Zugleich ist der dramaturgische Ablauf weit stärker durch Reihung als durch Entwicklung geprägt. Wenngleich es zu weit gehen würde, flekkicht als „Suite“ zu bezeichnen, kann man sogar Rudimente von rhythmischen Modellen finden, die an barocke Tanzsätze erinnern.

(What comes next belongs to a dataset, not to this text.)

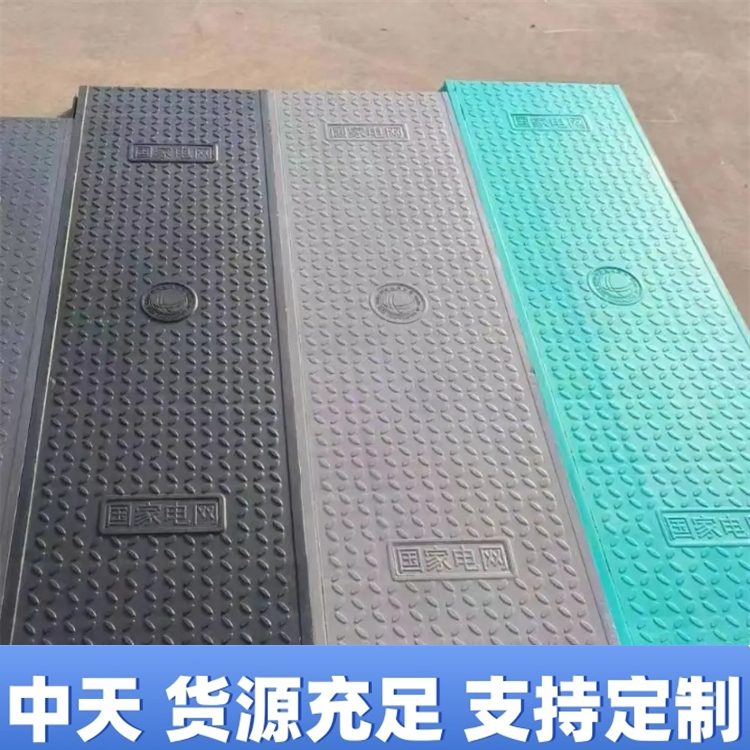 电缆沟盖板宜采用什么材质？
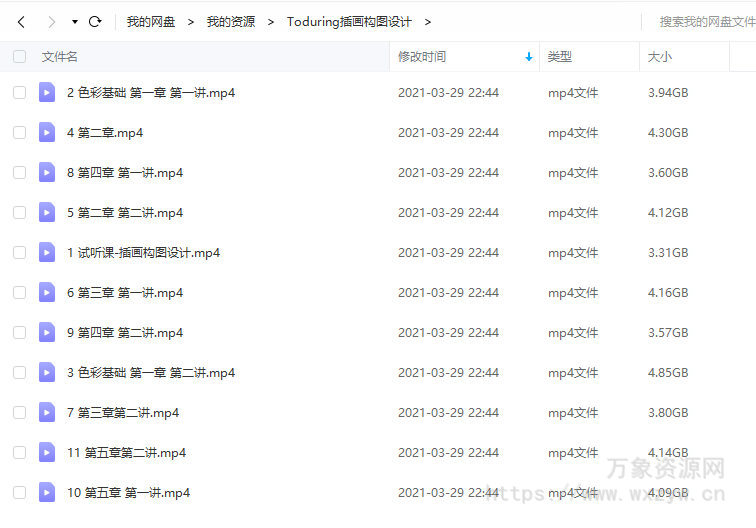 Toduring插画构图设计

Das Stück beginnt mit einem Cembalosolo, das die Faszination frei notierter Cembalomusik des 17. Jahrhunderts aufgreift und auch auf das Orchester überträgt, dessen sparsame Einsätze jeweils einzelne Töne des Cembalos „verlängern“. In diese intime Situation fährt ein ruppiger Abschnitt von schlichter Natur, der sich jedoch bald in intrikate Überlagerungen auflöst. Das folgende, zentrale Stück mit Solo-Oboe und –Violine ist erneut sehr viel freier notiert und trägt den manieristischen Titel „La Sarabande enterrée“. Aus den klein besetzten Soloabschnitten dieses Teils geht ein kammermusikalisches Intermezzo hervor. Der umfangreiche Schlußabschnitt, der ungeniert deutlich eine französische Ouvertüre nachbildet, kehrt zu stark motorischen Texturen zurück, die sich jedoch gleichsam schlechten Gewissens verflüchtigen und in einen fein verstummenden Ausklang übergehen.